However that’s not the only reason I’m feeling particularly old, whilst seeing family this Christmas my sister said “Is that a grey hair on your head”, following up with “only joking!”. How we laughed… until I throttled the bitch with a string of tinsel and shoved her face in a Sainsbury’s Yule Log – the cow! Not that I’m overly sensitive, you understand. But worse than that, I got the news that everyone dreads, the awful news that you lay awake at night hoping will never come. The first of my university friends has had a baby. Yeah some of my school “friends” have been pregnant before, several times, but they were slags they don’t count, these people are like you, they are your peers. I mean it was bad enough when they all got into long term relationships, and increasingly you realised that you were in a minority and that single didn’t just describe your relationship status, but how many of your friends have time for you any more. Then a year or two after you last spoke to them a card drops through your door inviting you to their wedding, laughably asking if you’d like to bring a +1 with you, if they’d actually spoken to you in the last year they’d know I was still terminally single, still sitting on the shelf as wanted as a Jedward Album, where even a 99p sticker hasn’t done anything to shift you.
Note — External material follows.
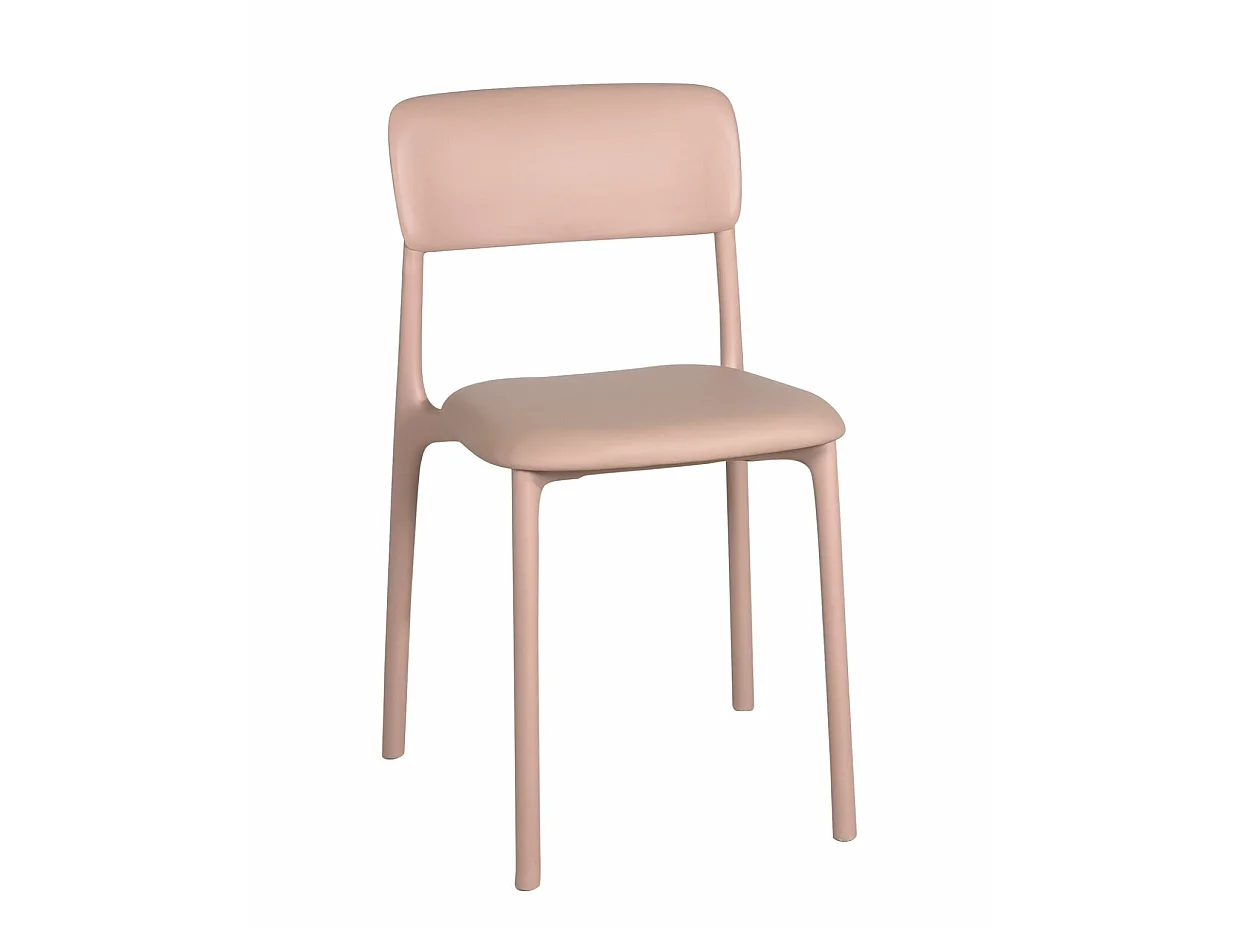 Lote de 2 sillas contemporáneas para cocina, dormitorio, comedor con cojín de cuero sintético acolchado RIM (Rosa)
I’ve just been through that phase, there are two of us left unattached, bitterly meeting for coffee to bitch about all the friends that we haven’t seen in years. Now the next phase has begun, the one that makes you feel even more alone, the baby phase – there all going to start popping them out soon. I’ll be invited to baby showers, your last chance to see these people before they become eternally tired, where undoubtedly well meaning but essentially moronically patronising friends will declare “don’t worry I’m sure it’ll be your turn soon”, I have news for you the evidence suggests that it won’t be. Who knows maybe even asked to be a Godparent – though if any of them have read this blog they’ll surely be questioning my suitability in that role? It’s all so deeply depressing and cementing two things, one I’m no longer young – if people my age are grown ups, and two I’m living my life through moaning about their lives. Oh dear. Still I’m looking forward to the next phase, the awkward and bitter divorce phase, at least I’ll feel less single this time round. Perhaps we can have divorce parties, where I can cheerfully announce to the remaining couples don’t worry I’m sure it’ll be your turn soon”. And some people say I have issues.